Please Help!!! Real World Issue

#1
Hello All,

It has been 20+ years since I have had to breakout the AP stats knowledge, and I have hit a huge brick wall! Thus far my search for stats help has come up empty, so I am praying someone here can help me solve my problem.

We receive 9 different types of calls in a given month. Some call types occur more frequently than others. We are evaluating two different call centers on their effectiveness at resolving customers issues. Each call type that comes in is scored on a scale of 1 to 100, with 1 being utterly ineffective at customer resolution and 100 being a perfect customer resolution. We have a sample size of 30 calls for each of the 9 different call types for each center (30*9*2 = 540 samples), for which we can calculate the mean and standard deviation for each call type for each Center, thus allowing us to calculate the probability that Center A is better than Center B. (I am using the NORM.DIST function in excel to find the probability that Center A is better than Center B)

What I need to know is: For a random call, what is the overall probability that Center A is better than Center B?

Example data
  • Call type 1 - 12% of monthly Call Volume - 88% probability Center A is better than Center B
  • Call type 2 - 01% of monthly Call Volume - 32% probability Center A is better than Center B
  • Call type 3 - 02% of monthly Call Volume - 60% probability Center A is better than Center B
  • Call type 4 - 22% of monthly Call Volume - 75% probability Center A is better than Center B
  • Call type 5 - 22% of monthly Call Volume - 82% probability Center A is better than Center B
  • Call type 6 - 14% of monthly Call Volume - 62% probability Center A is better than Center B
  • Call type 7 - 06% of monthly Call Volume - 61% probability Center A is better than Center B
  • Call type 8 - 16% of monthly Call Volume - 71% probability Center A is better than Center B
  • Call type 9 - 05% of monthly Call Volume - 42% probability Center A is better than Center B
 

Dason

Ambassador to the humans
#2
Before getting to that can you explain your process quoted here more

thus allowing us to calculate the probability that Center A is better than Center B. (I am using the NORM.DIST function in excel to find the probability that Center A is better than Center B)
 
#3
I'd be happy to explain. Assuming a normal distribution, if the Mean of Center B is 88.78 and the Standard Dev is 5.17, and the Mean of Center A is 94.04, we want to know what is the probability of Center B having a score greater than 94.04, or the area to the right of 94.04 on a normal distribution. Using the NORM.DIST function in excel for the variables above we get 88.17%. But the NORM.DIST only gives the area to the left, so I use 1-NORM.DIST to get the area to the right, which is 11.83%. The probability that Center B can have a score better than the mean of Center A is 11.83%; the inverse of this being that there is an 88.17% probability that Center A is better than Center B.

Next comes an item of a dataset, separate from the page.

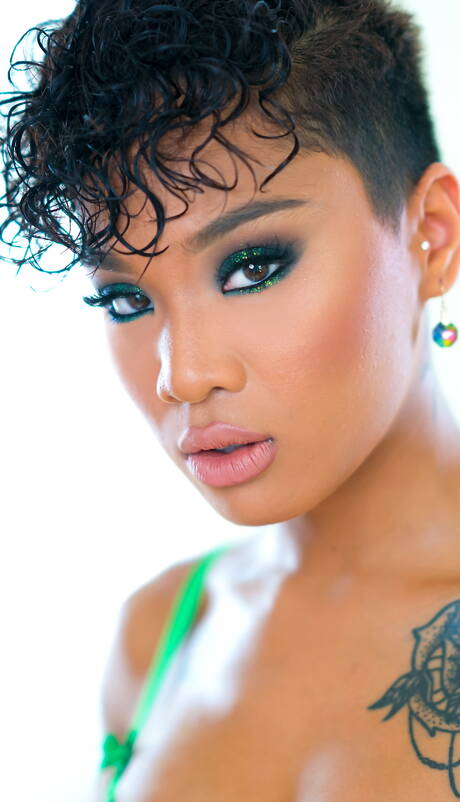 Evil Angel invites you to browse their free pics with Honey Gold exhibit perfect form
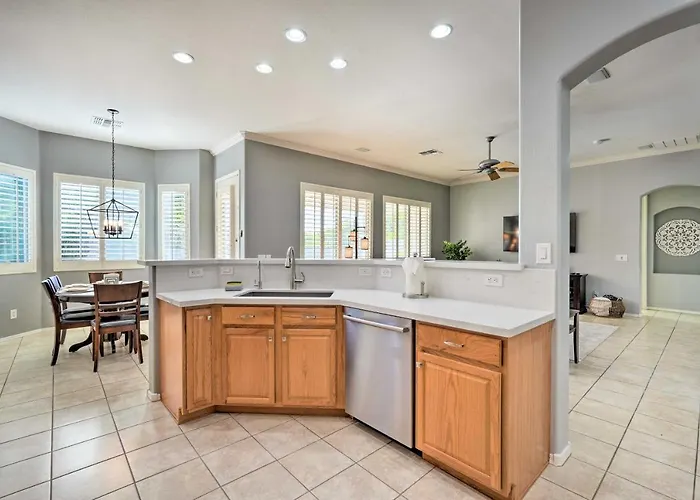 Holiday home Play Pool, Grill Out! Group-friendly *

Perhaps that is where I am going wrong? Is this the wrong approach? Is the inverse assumption totally off basis? Any help is greatly appreciated!
 
#4
Is there a reason that you need to attach a probability of which center is "better" than the other? The reason I ask is maybe it would suffice to show the distribution of scores for each call type/center via a histogram or boxplot? Perhaps showing this is enough evidence to suggest that one center is performing better than the other. I'm also curious to know how the score is assigned. Is it a subjective grade from a human being? If this is the case then there is probably inherent variability in scores between (and within) different people.
 
#5
Sadly, yes, I do need to have the probability of which center is "better" given a random call; as this is both a mandate from the CEO and a likely question I will receive from the FCC (super long story, but lets just say my industry is federally regulated). I have the information displayed graphically with a box whisker type; due to the extremely small standard deviations of Center A (in most cases its under 1) it does not lend itself well to the standard box whisker plotting. The score is assigned by a human looking for certain "errors" if you will, on the recorded call; the more errors the lower the score. We have 13 different Scoring Agents, each with a semi evenly distributed number of evaluations for both Center A and Center B; we do have inherent variability within the data, but given the large sample size and the semi-evenly distribution of scoring agents, we are making the assumption to ignore the potential human variability ... after all its close enough for government work!

So I am back to my original query: Is my approach to find which center is "better" using the NORM.DIST function (area to the left under the curve) the correct approach? And how do I go about applying the correct weighting given the disproportionate calling volume of the 9 call types?